A 34-year-old man from Sydney has been charged with importing cocaine in air cargo shipments, as part of a drug operation allegedly linked to a fugitive drug trafficker.
- Police allege Rose Bay man was part of a major drugs union in Greece and the UK
- Cocaine, heroin and methamphetamine were found in 62 separate small package shipments
- Alleged offenses carry a maximum sentence of life imprisonment
Police allege that the arrested man, Bennet Schwartz, 34, is an associate of the suspected and now fugitive drug trafficker, Mostafa Baluch.
Mr Baluch went missing this week after allegedly cutting his electronic ankle monitoring bracelet, four days after being released on bail.
Mr Baluch faces a life sentence for an alleged attempt to import 900 kilograms of cocaine – with an estimated market value of $ 270 million – into Australia from Ecuador.
Mr Schwartz, of Rose Bay in eastern Sydney, has been charged after Australian Federal Police (AFP) seized three shipments containing 27 kilograms of cocaine.
The consignments were in separate packages of four, nine and 14 kilograms of cocaine, coming from the UK and Greece, police said.
Police allege six other packages contained large amounts of cocaine, heroin and methamphetamine.
AFP Superintendent Matthew Parsons said police had information that Mr Schwartz had contact with Mr Baluch before he left on the run.
“He was questioned, he did not provide any information on Baluch’s location,” Superintendent Parsons said.
The cocaine seizure sparked a joint investigation by the Federal Police and the Australian Law Enforcement Integrity Commission, which began early last year.
Police allege Mr Schwartz was part of a union and told other members he had access to a member of the Australian Border Force who could provide information on the condition of the cargo.
Superintendent Parsons said this was fictitious, alleging that Mr. Schwartz instead used commercial tracking platforms to monitor drugs coming in from overseas.
Yesterday, police raided Mr Schwartz’s home, where they discovered encrypted cell phones, which they claim to have used under a false name to track 62 shipments.

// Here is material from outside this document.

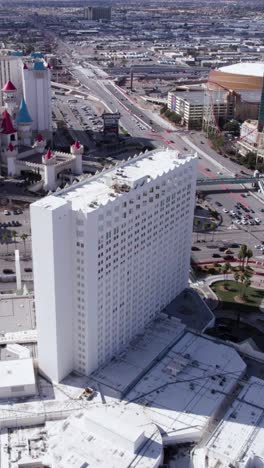 Vertical-Drone-Shot,-Former-Tropicana-Casino-Hotel-Before-Demolition,-Las-Vegas-Strip-Nevada-USA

Superintendent Parsons said there was a high demand for illicit drugs in New South Wales.
“Shipments of this size come as no surprise to law enforcement given the changes organized crime syndicates have made in response to the current environment, moving towards sending small packages by air freight. and postal mail to try to avoid detection, âhe said.
Mr Schwartz has not applied for bail and is scheduled to appear again in central local court on December 22.